Every line from the one containing "Nahaufnahme Küche aus Holz" to the one containing "Load image into" in the records below, both included, must be set down exactly, and no other line.

**Dataset records:**

▶

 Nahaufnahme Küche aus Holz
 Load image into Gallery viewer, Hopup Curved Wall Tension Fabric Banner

◀
▶

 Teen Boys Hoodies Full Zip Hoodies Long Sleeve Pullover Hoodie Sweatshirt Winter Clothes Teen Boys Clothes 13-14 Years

◀

**Result:**
 Nahaufnahme Küche aus Holz
 Load image into Gallery viewer, Hopup Curved Wall Tension Fabric Banner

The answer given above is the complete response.